This Emperor always walked with his men, dressed alike and in one colour, namely white, in long robes cut like tabards . . . No razor touched head or beard of his chaplains. These Greeks were most devout in their church services, which were joined in as well by soldiers as by priests, for they chanted them without distinction in their native tongue.17

Received by both Charles and Henry with splendour and accorded every courtesy, Manuel was convinced that whatever help he needed to resist Bayezid would be forthcoming.
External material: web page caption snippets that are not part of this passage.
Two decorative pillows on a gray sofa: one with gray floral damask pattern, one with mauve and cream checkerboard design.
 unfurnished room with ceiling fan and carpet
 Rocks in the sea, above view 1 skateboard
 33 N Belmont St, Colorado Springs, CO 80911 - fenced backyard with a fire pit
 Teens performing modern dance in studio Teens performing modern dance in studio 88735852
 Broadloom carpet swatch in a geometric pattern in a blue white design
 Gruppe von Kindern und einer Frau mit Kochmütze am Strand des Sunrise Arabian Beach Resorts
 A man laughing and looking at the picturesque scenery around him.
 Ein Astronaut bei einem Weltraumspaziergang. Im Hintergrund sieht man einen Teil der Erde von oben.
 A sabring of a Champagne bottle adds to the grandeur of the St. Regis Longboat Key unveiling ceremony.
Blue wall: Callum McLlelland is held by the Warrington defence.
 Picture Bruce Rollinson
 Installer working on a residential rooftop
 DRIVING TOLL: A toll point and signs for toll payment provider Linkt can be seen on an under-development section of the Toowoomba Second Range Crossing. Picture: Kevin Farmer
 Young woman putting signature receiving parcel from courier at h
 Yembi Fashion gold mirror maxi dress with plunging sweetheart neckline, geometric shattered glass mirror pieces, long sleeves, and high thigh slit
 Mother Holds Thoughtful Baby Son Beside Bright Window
But the money collected for Manuel throughout England seemed to have disappeared (and the matter of its disappearance was still being investigated in 1426).18

Manuel returned home early in 1403 to find his world greatly changed. His city had been saved from imminent destruction by an event which seemed to presage the end of Ottoman power: the defeat at Ankara of Bayezid’s army by that of Tamerlane. Bayezid’s defeat turned Anatolia upside down and brought severe disruption to the Balkans. In the longer term, it also enabled Constantinople to survive as the Byzantine capital for another half-century.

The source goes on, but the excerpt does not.